Re: [PATCH] x86/AMD: expose SYSCFG, TOM, and TOM2 to Dom0
Posted by Roger Pau Monné 2 years, 10 months ago
On Wed, May 26, 2021 at 02:59:00PM +0200, Jan Beulich wrote:
> Sufficiently old Linux (3.12-ish) accesses these MSRs in an unguarded
> manner. Furthermore these MSRs, at least on Fam11 and older CPUs, are
> also consulted by modern Linux, and their (bogus) built-in zapping of
> #GP faults from MSR accesses leads to it effectively reading zero
> instead of the intended values, which are relevant for PCI BAR placement
> (which ought to all live in MMIO-type space, not in DRAM-type one).
> 
> For SYSCFG, only certain bits get exposed. In fact, whether to expose
> MtrrVarDramEn is debatable: It controls use of not just TOM, but also
> the IORRs. Introduce (consistently named) constants for the bits we're
> interested in and use them in pre-existing code as well.

I think we should also allow access to the IORRs MSRs for coherency
(c001001{6,9}) for the hardware domain.

> As a welcome side effect, verbosity on/of debug builds gets (perhaps
> significantly) reduced.
> 
> Note that at least as far as those MSR accesses by Linux are concerned,
> there's no similar issue for DomU-s, as the accesses sit behind PCI
> device matching logic.
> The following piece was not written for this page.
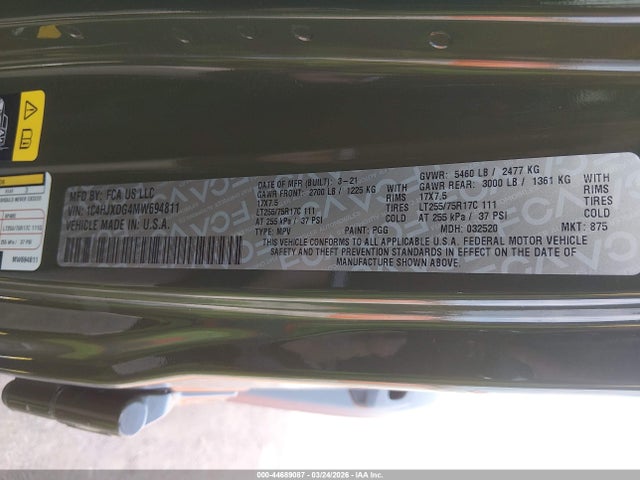 Aukcja sprzedaży 2021 Jeep Wrangler Unlimited Willys 4x4, vin: 1C4HJXDG4MW694811, numer aukcji: 44689087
The checked for devices would never be exposed to
> DomU-s in the first place. Nevertheless I think that at least for HVM we
> should return sensible values, not 0 (as svm_msr_read_intercept() does
> right now). The intended values may, however, need to be determined by
> hvmloader, and then get made known to Xen.

Could we maybe come up with a fixed memory layout that hvmloader had
to respect?

Ie: DRAM from 0 to 3G, MMIO from 3G to 4G, and then the remaining
DRAM from 4G in a contiguous single block?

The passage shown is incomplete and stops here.